Taking up the challenge to make the bank a reality, members of the US Senate have offered two major proposals. In March 2011, Sen. John Kerry (D-MA) partnered with Senators Kay Bailey Hutchison (R-TX) and Sen. Mark Warner (D-VA) to introduce the BUILD Act, which proposes the creation of an American Infrastructure Financing Authority (AIFA) to oversee and perform major transportation investments and other infrastructure projects.  Under the proposal, the AIFA would provide large-scale projects with loans, not grants like the current New Starts program administered by the US Department of Transportation. The government would provide an initial seed of $10B (with the possibility of future expansion) that would then grow through private investment and returns from earlier loans. The AIFA would not finance more than 50% of the total cost of a project, to ensure private market participation. Finally, the AIFA would be independent of the government and led by an appointed CEO, who would be tasked with ensuring that the AIFA remained financially self-sufficient.

Earlier in May, Senators Jay Rockefeller (D-WV) and Sen. Frank Lautenberg (D-NJ) offered their own alternative. Instead of a true bank, the Senators proposed a fund, which would provide loans as well as the grants traditionally provided by the US DOT. Unlike Kerry’s independent authority, the proposed bank would reside with in the DOT itself. The plan would allow the government to provide up to 70% of project financing and would authorize a total of $5B in government spending in the fund’s first two years (with grants capped at $600M each year).

At Streetsblog, Tany Snyder weighs the pro’s and con’s of the Rockefeller/Lautenberg proposal. On the upside, the grant-making process smartly recognizes that many meritorious projects cannot be expected to yield positive returns. On the downside, this busines-as-usual approach is unlikely to garner suport from fiscally minded Republicans. In addition, the fund’s investments would be subject to the same political pressure that currently shapes infrastructure investment (as noted by Scott Thomasson at the Progressive Policy Institute).

An infrastructure bank could play well into the strategies of both the Republican and Democratic parties.
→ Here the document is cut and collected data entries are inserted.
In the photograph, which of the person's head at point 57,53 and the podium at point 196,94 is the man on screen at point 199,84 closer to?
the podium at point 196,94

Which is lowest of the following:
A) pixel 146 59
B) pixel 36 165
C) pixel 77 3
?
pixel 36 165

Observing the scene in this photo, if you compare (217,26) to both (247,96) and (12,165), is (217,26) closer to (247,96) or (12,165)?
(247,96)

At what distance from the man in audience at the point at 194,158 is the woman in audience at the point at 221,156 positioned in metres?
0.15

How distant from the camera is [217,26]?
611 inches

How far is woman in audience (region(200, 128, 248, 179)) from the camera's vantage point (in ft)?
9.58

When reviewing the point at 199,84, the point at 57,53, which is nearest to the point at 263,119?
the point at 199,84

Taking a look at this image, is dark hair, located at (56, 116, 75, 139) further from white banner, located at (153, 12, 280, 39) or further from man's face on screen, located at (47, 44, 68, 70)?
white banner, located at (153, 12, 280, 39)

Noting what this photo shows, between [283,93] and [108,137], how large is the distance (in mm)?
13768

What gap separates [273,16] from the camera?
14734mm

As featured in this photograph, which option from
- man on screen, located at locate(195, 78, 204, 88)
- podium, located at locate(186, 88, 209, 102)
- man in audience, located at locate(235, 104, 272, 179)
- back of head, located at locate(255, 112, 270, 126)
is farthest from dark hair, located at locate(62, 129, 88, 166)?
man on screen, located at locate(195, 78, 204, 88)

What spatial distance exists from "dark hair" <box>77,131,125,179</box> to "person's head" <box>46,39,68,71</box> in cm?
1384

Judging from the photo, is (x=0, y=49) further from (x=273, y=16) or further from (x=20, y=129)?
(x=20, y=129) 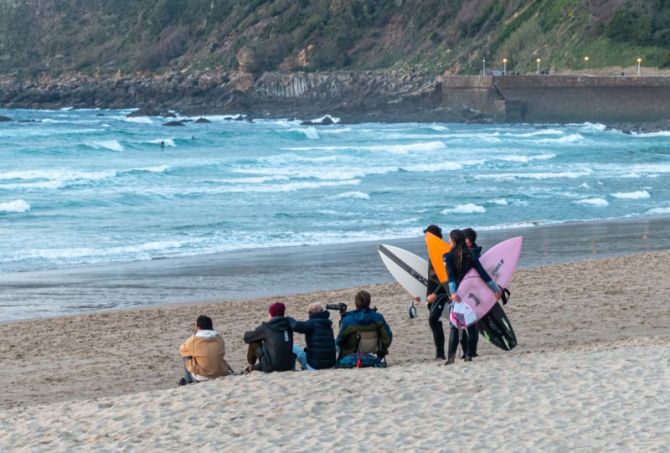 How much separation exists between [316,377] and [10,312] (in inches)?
262

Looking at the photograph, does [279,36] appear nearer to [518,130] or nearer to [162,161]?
[518,130]

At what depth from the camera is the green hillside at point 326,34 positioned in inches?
2712

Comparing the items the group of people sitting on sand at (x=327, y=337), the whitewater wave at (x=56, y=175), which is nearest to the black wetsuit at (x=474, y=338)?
the group of people sitting on sand at (x=327, y=337)

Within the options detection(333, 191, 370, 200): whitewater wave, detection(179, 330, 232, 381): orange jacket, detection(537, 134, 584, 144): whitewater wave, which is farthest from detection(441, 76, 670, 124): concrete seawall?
detection(179, 330, 232, 381): orange jacket

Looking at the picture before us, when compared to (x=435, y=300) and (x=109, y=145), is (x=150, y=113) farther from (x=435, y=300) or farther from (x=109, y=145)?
(x=435, y=300)

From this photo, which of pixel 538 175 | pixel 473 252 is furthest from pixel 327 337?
pixel 538 175

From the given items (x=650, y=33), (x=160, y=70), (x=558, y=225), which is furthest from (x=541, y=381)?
(x=160, y=70)

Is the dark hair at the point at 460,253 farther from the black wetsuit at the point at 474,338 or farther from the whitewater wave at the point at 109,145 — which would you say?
the whitewater wave at the point at 109,145

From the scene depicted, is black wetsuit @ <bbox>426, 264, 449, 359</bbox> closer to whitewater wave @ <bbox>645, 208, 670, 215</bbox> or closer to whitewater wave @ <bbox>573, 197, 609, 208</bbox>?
whitewater wave @ <bbox>645, 208, 670, 215</bbox>

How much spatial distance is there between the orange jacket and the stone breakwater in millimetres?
50750

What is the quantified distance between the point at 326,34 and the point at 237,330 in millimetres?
75399

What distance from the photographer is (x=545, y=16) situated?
73.2 m

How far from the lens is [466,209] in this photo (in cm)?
2656

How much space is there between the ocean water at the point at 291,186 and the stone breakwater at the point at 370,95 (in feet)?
9.57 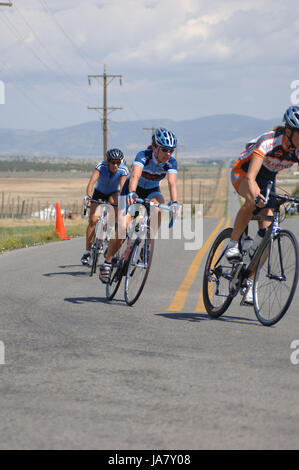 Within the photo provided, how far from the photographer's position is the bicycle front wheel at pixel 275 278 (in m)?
6.71

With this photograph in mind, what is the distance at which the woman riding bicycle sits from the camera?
21.9 feet

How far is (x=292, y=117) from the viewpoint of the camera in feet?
21.6

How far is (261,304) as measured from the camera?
7.09 metres

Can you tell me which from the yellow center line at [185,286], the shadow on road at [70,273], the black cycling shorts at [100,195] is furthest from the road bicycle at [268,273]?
the shadow on road at [70,273]

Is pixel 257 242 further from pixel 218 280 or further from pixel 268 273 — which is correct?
pixel 218 280

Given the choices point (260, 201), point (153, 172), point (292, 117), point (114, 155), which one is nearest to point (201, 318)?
point (260, 201)

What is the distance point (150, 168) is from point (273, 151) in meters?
2.23

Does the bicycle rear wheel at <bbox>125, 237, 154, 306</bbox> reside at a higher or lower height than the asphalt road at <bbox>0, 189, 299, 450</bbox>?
higher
For Democrats, such a bank could support a strong role for the government in ongoing transportation investments, a key part of Obama’s six-year transportation plan. For Republicans, the bank could address a growing perception that America has lost its will to complete big projects, while embracing a private-market approach to investment.
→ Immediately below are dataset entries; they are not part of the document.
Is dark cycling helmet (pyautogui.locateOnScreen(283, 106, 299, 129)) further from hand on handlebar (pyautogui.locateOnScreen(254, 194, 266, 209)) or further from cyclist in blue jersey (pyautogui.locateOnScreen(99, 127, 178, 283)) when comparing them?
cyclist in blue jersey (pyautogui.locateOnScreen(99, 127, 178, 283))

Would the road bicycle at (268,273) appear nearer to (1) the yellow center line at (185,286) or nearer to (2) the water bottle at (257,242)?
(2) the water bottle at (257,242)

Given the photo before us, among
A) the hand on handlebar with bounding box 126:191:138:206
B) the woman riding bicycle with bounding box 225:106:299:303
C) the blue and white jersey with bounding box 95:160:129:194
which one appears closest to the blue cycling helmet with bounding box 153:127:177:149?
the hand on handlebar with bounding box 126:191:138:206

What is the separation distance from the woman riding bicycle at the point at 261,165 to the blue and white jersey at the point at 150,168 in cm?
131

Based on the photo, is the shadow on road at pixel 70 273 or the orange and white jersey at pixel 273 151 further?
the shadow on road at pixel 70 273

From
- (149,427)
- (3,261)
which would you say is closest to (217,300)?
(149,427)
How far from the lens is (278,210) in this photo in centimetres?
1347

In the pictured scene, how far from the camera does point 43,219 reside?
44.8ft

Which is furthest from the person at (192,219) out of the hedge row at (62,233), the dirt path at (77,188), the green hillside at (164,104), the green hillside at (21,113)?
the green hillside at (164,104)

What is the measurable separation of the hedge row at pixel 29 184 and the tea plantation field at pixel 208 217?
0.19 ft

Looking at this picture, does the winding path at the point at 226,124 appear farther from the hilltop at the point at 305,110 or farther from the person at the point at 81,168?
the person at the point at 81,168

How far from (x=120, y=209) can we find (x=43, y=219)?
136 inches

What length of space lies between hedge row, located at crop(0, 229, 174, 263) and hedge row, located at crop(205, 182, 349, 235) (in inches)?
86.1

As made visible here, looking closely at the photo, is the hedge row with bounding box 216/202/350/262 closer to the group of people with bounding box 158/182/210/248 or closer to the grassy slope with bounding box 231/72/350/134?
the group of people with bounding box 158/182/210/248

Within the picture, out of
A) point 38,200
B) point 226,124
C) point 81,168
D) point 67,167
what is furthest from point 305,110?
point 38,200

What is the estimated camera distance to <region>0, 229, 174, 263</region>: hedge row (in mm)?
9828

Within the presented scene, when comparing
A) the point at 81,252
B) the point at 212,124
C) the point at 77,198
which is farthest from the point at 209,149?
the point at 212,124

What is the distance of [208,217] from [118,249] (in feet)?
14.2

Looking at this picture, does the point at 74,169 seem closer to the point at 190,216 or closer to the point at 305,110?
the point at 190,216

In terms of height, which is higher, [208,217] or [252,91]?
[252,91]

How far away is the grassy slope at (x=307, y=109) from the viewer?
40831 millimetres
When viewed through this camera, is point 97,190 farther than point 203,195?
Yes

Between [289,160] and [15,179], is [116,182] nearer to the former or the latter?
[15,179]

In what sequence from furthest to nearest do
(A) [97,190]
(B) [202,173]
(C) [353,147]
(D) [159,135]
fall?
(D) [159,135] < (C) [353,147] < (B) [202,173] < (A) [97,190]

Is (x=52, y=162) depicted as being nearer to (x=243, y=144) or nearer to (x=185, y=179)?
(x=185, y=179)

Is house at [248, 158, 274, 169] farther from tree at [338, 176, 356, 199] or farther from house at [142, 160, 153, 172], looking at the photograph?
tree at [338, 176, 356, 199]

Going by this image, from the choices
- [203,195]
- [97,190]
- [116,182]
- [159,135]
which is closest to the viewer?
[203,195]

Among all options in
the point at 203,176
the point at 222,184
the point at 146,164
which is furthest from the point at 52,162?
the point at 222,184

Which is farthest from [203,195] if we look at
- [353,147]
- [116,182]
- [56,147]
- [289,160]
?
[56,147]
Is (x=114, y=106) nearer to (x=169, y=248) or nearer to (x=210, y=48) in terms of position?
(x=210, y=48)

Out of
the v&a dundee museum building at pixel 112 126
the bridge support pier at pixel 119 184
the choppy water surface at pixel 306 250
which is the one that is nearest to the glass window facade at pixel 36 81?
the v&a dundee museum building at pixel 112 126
Amtrak Embraces Private Investment

A private infrastructure bank could play an important role in addressing infrastructure needs in the Northeast.  Regional scope and strong potential for profitable operations make HSR on the Northeast Corridor a likely candidate for financing from a national infrastructure bank.

Since an infrastructure bank remains only a proposal, Amtrak is already taking steps to take advantage of private investment.  Currently, Amtrak’s vision for HSR in the Northeast calls for a total of $117B in investments, a number that seems impossibly high for the U.S. government to provide alone. In fact, Amtrak’s recent $450M grant to implement 160mph operations on track between Pennsylvania and NJ represents less than 1% of the total expected costs.
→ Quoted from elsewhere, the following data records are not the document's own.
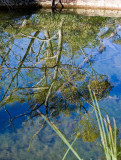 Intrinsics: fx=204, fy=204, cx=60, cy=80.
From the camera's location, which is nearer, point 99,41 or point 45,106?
point 45,106

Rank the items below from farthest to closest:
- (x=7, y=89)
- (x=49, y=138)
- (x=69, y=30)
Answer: (x=69, y=30) → (x=7, y=89) → (x=49, y=138)

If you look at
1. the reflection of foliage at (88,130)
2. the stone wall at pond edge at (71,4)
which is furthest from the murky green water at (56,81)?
the stone wall at pond edge at (71,4)

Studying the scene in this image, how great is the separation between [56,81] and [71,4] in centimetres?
516

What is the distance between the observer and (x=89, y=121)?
2.92 m

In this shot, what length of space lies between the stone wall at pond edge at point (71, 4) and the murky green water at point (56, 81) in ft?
3.60

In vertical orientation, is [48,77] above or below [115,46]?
below

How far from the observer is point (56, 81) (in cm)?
389

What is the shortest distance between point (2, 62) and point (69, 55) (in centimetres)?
156

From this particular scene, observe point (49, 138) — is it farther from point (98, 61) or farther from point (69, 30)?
point (69, 30)

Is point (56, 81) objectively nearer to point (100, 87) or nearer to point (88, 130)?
point (100, 87)

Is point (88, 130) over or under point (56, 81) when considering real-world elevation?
under

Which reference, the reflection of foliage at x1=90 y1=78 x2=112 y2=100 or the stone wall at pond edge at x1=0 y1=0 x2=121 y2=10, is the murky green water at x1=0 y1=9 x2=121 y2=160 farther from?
the stone wall at pond edge at x1=0 y1=0 x2=121 y2=10

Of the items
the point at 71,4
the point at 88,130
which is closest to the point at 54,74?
the point at 88,130

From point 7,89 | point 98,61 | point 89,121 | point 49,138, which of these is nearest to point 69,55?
point 98,61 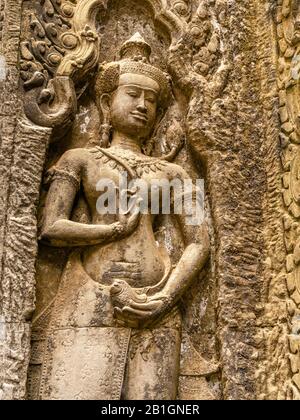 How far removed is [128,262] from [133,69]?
1.37 metres

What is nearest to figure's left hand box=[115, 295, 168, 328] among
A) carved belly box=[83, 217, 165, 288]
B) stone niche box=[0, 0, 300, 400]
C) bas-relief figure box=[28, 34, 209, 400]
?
bas-relief figure box=[28, 34, 209, 400]

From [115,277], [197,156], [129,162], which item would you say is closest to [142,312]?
[115,277]

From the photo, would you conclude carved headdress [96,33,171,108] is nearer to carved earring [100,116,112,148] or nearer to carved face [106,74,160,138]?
carved face [106,74,160,138]

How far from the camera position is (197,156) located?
507 cm

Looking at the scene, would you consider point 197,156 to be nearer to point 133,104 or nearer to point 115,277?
point 133,104

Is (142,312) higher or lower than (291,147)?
lower

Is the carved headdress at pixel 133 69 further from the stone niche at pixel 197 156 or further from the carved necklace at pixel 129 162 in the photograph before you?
the carved necklace at pixel 129 162

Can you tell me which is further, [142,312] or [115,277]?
[115,277]

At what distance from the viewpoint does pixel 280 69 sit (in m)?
5.12

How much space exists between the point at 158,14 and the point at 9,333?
2.54 m

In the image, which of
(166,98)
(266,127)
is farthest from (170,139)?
(266,127)

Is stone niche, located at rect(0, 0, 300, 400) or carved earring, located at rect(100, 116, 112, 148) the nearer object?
stone niche, located at rect(0, 0, 300, 400)

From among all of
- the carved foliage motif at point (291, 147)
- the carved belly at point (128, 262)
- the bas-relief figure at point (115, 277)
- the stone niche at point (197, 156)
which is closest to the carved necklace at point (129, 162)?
the bas-relief figure at point (115, 277)

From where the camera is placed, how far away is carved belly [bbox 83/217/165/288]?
15.3 ft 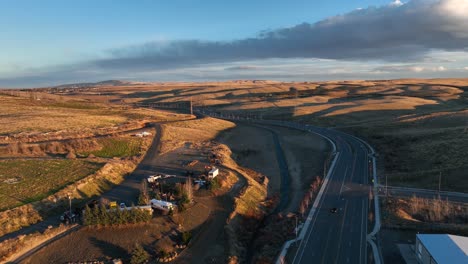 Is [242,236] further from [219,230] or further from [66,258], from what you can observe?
[66,258]

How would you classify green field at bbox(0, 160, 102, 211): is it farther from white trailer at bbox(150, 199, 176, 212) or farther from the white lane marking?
the white lane marking

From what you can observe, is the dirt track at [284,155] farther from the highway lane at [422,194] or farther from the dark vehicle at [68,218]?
the dark vehicle at [68,218]

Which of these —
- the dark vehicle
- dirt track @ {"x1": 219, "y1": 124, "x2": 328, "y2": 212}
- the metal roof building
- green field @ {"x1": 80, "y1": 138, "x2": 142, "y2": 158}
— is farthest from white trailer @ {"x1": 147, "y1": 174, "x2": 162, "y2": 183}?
the metal roof building

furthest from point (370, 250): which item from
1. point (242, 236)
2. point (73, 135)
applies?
point (73, 135)

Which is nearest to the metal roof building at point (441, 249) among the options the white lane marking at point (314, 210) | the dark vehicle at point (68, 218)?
the white lane marking at point (314, 210)

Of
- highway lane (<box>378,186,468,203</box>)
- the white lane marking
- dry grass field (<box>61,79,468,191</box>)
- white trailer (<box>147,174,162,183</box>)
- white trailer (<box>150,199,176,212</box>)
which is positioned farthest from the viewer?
dry grass field (<box>61,79,468,191</box>)

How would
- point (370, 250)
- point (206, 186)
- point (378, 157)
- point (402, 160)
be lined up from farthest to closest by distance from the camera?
point (378, 157), point (402, 160), point (206, 186), point (370, 250)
Last week, Amtrak announced that in April the national corporation released a Request For Proposals for a business plan to implement HSR on the northeast corridor. The business plan would keep Amtrak as the developer and operator of the service, while inviting private investors to supplement government financing. According to Amtrak, multiple investment firms have expressed interest in working with the corporation to develop their business plan, with final proposals due on June 10.

With the certainty that government spending will not return to its previous levels, it is critical for Amtrak to pursue private investment. Since state governors like Chris Christie have proven to be fickle partners on projects with regional significance, it will be important for the Federal government or an independent infrastructure bank to steward these large-scale investments.